The goal of these unities was tied to “la vraisemblance”: the belief that onstage action should be believable. Respecting the unities meant limiting the amount audiences were asked to suspend their disbelief. This could even extend to things like soliloquies, in which a character speaks at length alone onstage, often to an audience, and characters were often given onstage confidants to avoid breaking the fourth wall.

These rules were strict. The Académie française — the official authority on the French language — even evaluated Corneille’s Le Cid on whether it met these rules of good drama, setting off major debates and personal attacks within the literary community. But while these debates were raging, another form of comedy was making its mark in France: commedia dell’arte, an improvisational and highly physical form of comedy from Italy originating in the 15th century. Beginning in the 16th century, troupes of commedia actors traveled across Europe, and by 1662 Molière himself shared the Palais-Royale theater with Italian commedia actors and learned from them.

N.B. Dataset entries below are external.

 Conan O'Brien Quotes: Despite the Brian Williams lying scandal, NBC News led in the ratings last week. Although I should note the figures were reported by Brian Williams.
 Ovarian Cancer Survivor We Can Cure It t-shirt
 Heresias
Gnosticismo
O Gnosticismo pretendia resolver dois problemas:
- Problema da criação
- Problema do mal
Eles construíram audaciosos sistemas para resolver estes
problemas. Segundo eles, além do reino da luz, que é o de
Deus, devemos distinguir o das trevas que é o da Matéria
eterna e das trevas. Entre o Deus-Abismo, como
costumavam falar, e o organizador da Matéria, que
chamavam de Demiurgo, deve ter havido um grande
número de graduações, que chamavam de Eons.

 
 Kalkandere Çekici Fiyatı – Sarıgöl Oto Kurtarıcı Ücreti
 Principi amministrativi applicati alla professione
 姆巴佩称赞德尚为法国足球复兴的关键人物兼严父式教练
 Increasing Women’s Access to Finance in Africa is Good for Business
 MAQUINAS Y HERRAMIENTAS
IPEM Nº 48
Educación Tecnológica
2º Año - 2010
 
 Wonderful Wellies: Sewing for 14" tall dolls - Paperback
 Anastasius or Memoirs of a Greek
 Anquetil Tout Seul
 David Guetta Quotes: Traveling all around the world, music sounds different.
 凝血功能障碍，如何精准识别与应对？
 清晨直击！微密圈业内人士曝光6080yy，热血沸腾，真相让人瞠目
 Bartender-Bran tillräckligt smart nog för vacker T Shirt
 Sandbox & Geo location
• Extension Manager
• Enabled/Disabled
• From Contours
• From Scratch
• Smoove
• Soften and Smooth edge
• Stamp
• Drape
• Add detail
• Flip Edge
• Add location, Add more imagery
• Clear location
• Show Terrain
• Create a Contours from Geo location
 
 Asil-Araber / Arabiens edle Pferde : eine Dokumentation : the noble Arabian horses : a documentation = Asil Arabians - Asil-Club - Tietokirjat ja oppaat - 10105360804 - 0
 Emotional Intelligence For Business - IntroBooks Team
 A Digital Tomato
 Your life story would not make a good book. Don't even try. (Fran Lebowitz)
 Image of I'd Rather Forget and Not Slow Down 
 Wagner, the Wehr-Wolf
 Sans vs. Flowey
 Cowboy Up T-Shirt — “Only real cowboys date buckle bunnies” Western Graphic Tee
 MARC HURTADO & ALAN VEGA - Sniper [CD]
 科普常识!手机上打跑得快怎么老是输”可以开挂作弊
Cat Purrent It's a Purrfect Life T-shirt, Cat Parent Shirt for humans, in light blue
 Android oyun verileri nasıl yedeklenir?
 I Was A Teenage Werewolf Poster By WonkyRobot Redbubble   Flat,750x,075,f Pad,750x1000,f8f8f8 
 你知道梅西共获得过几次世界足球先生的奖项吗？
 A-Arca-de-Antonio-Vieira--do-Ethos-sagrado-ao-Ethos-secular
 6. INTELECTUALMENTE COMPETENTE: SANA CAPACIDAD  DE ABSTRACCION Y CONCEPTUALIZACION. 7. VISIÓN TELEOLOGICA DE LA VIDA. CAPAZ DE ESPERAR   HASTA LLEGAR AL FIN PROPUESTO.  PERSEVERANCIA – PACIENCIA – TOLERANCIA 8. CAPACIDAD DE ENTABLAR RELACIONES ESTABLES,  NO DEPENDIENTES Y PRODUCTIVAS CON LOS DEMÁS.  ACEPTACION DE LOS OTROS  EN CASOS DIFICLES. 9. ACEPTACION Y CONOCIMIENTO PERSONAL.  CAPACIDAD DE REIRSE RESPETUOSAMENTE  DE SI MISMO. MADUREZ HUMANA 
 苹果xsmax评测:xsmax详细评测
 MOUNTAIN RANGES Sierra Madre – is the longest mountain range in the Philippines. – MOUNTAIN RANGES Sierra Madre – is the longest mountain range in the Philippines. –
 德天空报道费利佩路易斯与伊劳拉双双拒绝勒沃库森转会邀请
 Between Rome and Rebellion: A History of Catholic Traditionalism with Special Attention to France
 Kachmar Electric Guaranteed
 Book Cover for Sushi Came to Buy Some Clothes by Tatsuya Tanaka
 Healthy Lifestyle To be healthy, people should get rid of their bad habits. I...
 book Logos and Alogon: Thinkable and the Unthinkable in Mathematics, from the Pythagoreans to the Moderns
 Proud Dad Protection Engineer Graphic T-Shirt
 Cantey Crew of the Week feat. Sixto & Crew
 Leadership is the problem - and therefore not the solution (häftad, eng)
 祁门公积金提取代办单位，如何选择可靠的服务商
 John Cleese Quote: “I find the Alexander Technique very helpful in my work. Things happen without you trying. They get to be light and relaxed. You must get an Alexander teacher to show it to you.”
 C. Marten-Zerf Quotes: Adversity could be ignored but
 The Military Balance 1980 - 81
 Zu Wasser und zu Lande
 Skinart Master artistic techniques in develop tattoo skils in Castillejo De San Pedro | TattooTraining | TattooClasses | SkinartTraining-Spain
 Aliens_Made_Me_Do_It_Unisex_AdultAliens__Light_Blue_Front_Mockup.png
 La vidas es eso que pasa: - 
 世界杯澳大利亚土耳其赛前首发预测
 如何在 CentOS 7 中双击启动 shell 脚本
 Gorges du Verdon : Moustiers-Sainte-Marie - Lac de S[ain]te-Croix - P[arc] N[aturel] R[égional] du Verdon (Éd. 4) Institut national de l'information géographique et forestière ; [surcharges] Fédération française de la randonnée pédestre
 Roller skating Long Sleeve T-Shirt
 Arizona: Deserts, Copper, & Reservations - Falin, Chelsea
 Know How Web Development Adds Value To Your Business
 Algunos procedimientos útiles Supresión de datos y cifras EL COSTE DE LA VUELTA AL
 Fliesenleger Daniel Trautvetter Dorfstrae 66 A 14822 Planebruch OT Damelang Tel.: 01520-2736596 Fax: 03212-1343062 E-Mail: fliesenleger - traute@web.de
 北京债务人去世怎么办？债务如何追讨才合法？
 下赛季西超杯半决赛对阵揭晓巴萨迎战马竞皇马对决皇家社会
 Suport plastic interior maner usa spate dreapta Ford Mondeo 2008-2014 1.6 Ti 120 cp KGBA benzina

A painting of a 17th century commedia troupe, including a woman without a mask in a white dress and a man in red wearing a mask with a pointed chin
A troupe of commedia performers, some masked (Source: Tut’Zanni Theatre Company)

Commedia dell’arte is characterized by improvised dialogue and significant physical and slapstick humor. There are also stock character types: The zanni were the servants whose wily actions help clean up the messes of their masters — Columbina was a female zanni. On the opposite end of the social spectrum, the innamorati were the young lovers of the upper class whose marriage plot is usually central to the play. Pantalone is a rich, retired womanizer, comically old, miserly, and foolish. Il Dottore is a parody of the learned, pompous academic. Other than the fresh faced innamorati, all comic characters in commedia were masked.

Molière combined the rules of classical French theater with the already-popular medieval farce and the trendy commedia dell’arte in his own comedies. Tartuffe adheres to the classical unities — it takes place in a single location, over the course of just a few hours, and the events are all bound together in a single driving plot. But he also was inspired by commedia: While he scripted his plays and did not use improvisation, the physical comedy of commedia is an important factor in Molière’s work, and commedia types are evident throughout. Dorine is a zanni, specifically Columbina. Mariane and Valère are the innamorati, and Orgon is a foolish, wealthy Pantalone.

A man in black 19th century clothes recoils at a smiling maid with a napkin over her chest.
Jered McLenigan as Tartuffe and Lee Minora as Dorine in the Lantern’s production of TARTUFFE (Photo by Mark Garvin)

But Molière also had his own theories on what makes a successful comedy. He responded to the controversies around him by writing La Critique de L’Ecole des femmes (The Critique of “The School for Wives”), in which he lays out some of his theories of playwriting and gently pushes back on the strict rules of classical French comedy: “You haven’t achieved anything in comedy unless your portraits can be seen to be living types,” he wrote. “Making decent people laugh is a strange business.”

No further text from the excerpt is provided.